Il racconto del nano, un’ode alla libertà per rendere omaggio a Calvino
Giacca scintillante di paillettes, quattro fari che accecano il pubblico, un microfono ad asta e una scheletrica sedia girevole di metallo: quattro elementi, in parte antitetici, costruiscono l’intelaiatura del monologo con cui Mario Perrotta si inoltra nel corpus dei romanzi di Italo Calvino, scavando un sentiero affatto personale e, nondimeno, indiscutibilmente fedele.

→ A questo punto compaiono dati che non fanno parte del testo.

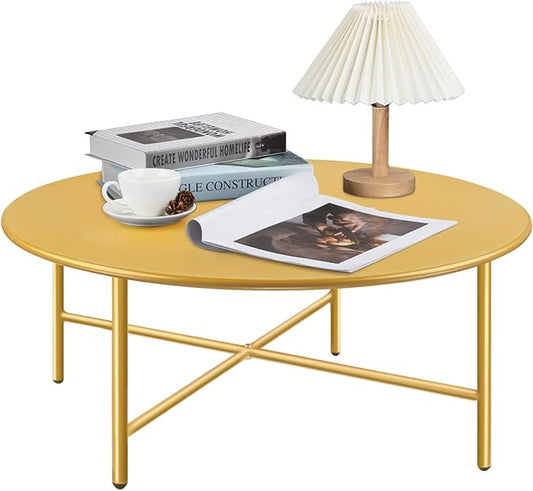 Patio Round Steel Patio Coffee Table, Weather Resistant Anti-Rust and Waterproof Indoor and Outdoor Large Side Table, for Garden Living Room Bedroom Balcony（Gold）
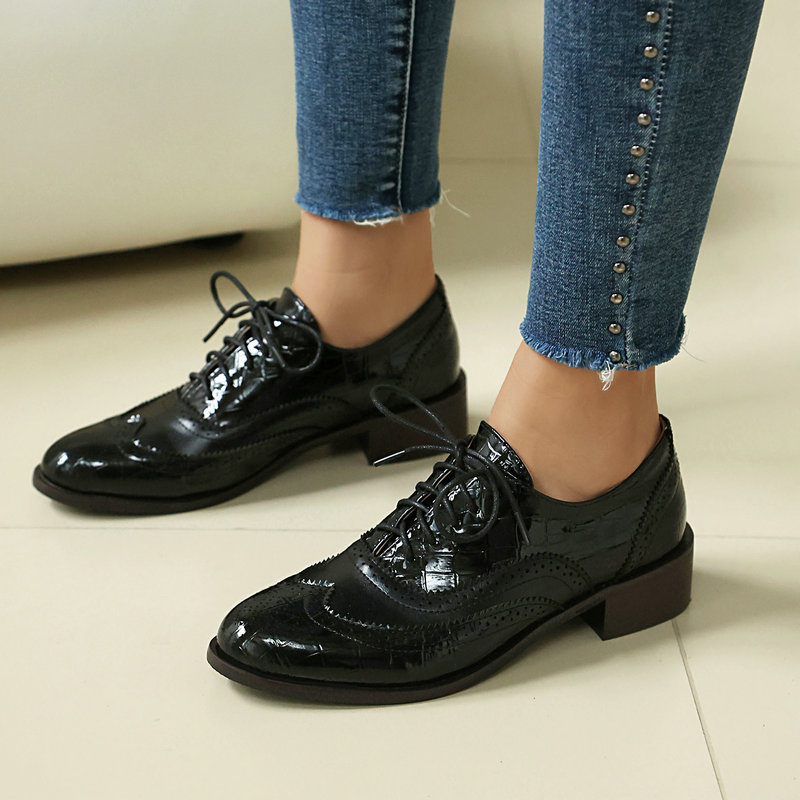 Sapatos Oxford Brogue Feminino - Oxford Lace Up Women avaliação e preço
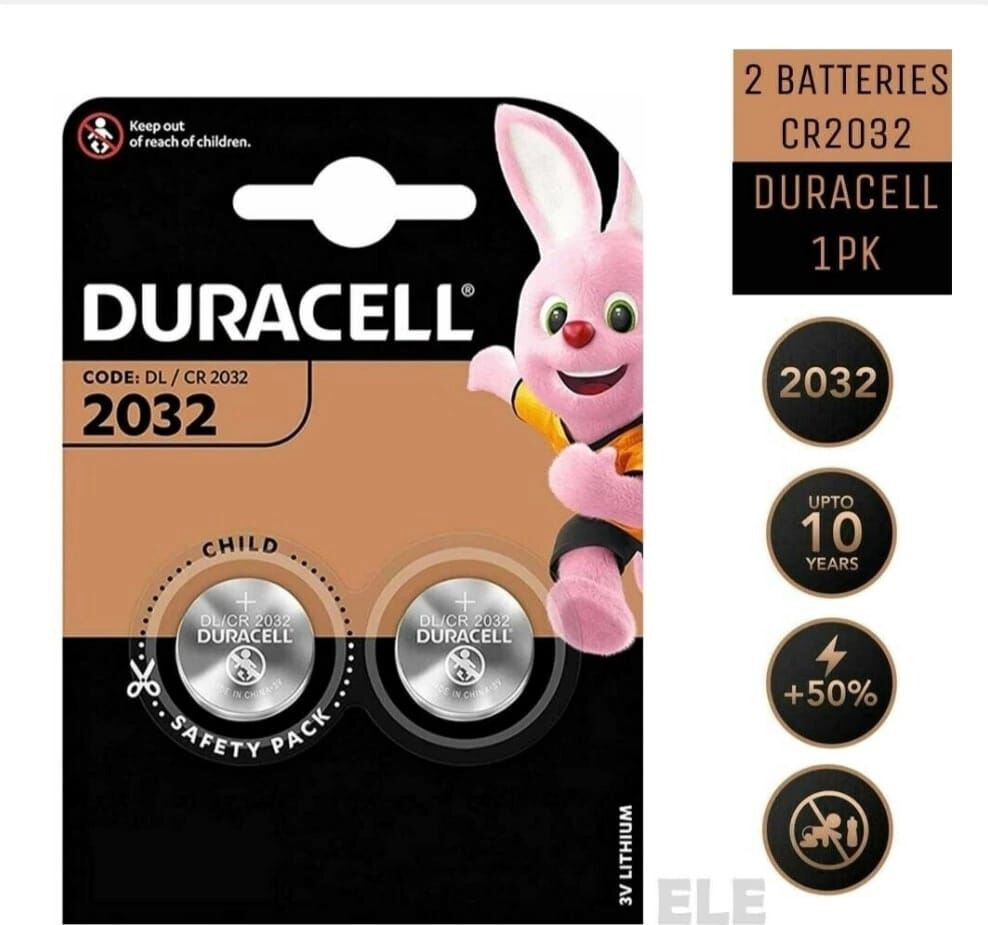 Батарейка Duracell 2032, в упаковке: 2 шт.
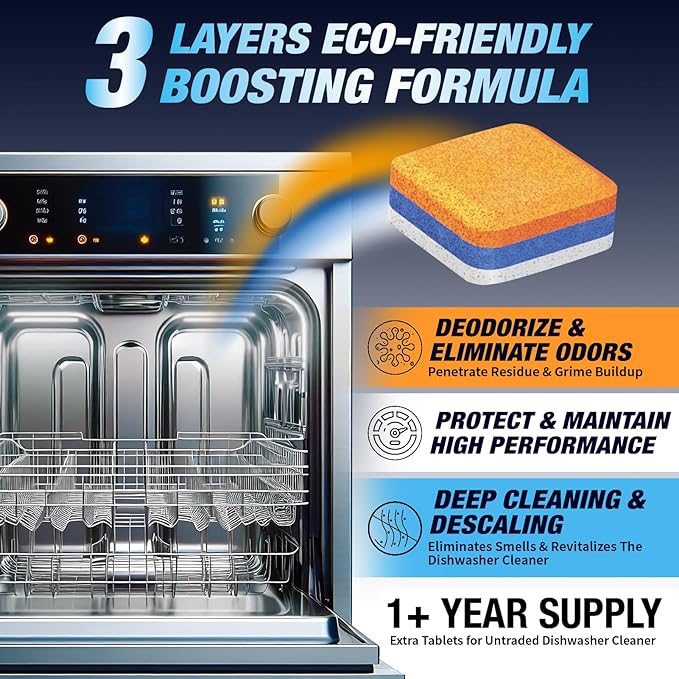 Dishwasher Cleaner Deodorizer Descaler Tablets - 56 Tabs - 1 Plus Year Supply - Extra Scented Deep Cleaning Sanitizer Pods - Remove Hard Water - Contain Citric Acid Heavy Duty Septic Safe - Citrus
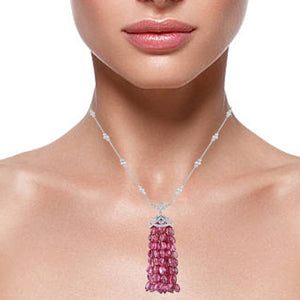 Luxe tourmaline tassel necklace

L’attore-autore sceglie di aderire al punto di vista di un personaggio minore, una comparsa ne La giornata di uno scrutatore, uno dei tanti sfortunati ospiti del Cottolengo di Torino rinchiusi per sempre in quella bolla di vetro certo protettiva e, tuttavia, irrimediabilmente castrante. Ecco, dunque, che Perrotta decide di offrire a quel nano la libertà – da qui anche il sottotitolo – che il destino gli ha negato, tramutandolo in una sorta di eclettico entertainer, capace di inanellare senza reale soluzione di continuità monologo e contemporaneo melologo, flusso di coscienza e ripresa di passi tratti da altri romanzi di Calvino. Il narratore-entertainer alterna il racconto della vita al Cottolengo e il vagheggiamento di un amore impossibile per una suora – probabilmente l’unica categoria di donna conosciuta – con l’evocazione di personaggi quale il barone rampante Cosimo ovvero il solitario Palomar a passeggio sulla spiaggia; o, ancora, episodi tratti dalle Cosmicomiche e dalle Città invisibili.
Il drammaturgo Perrotta è abile nel comporre materiali multiformi in un’unità salda, ben trattenuta dal filo rosso di uno sperimentalismo linguistico rigoroso e mai velleitario che quello scrittore “scientifico” che era Calvino avrebbe sicuramente approvato. Così come avrebbe condiviso l’altro tema unificante, ossia quell’anelito alla libertà, che è in primo luogo possibilità reale di essere fino in fondo ciò che si è, dalla cui volontà di analisi è mossa la ricerca di Perrotta. E il lavoro dell’autore si traduce scenicamente nella sciolta e nondimeno rigorosissima versatilità dell’attore: la cadenza vagamente lombarda nei monologhi, la disinvolta spavalderia dei melologhi-rap e la coinvolta struggenza nell’interpretazione finale de Il mondo di Jimmy Fontana, canzone-totem di uno spettacolo armoniosamente forsennato e puntigliosamente sincero.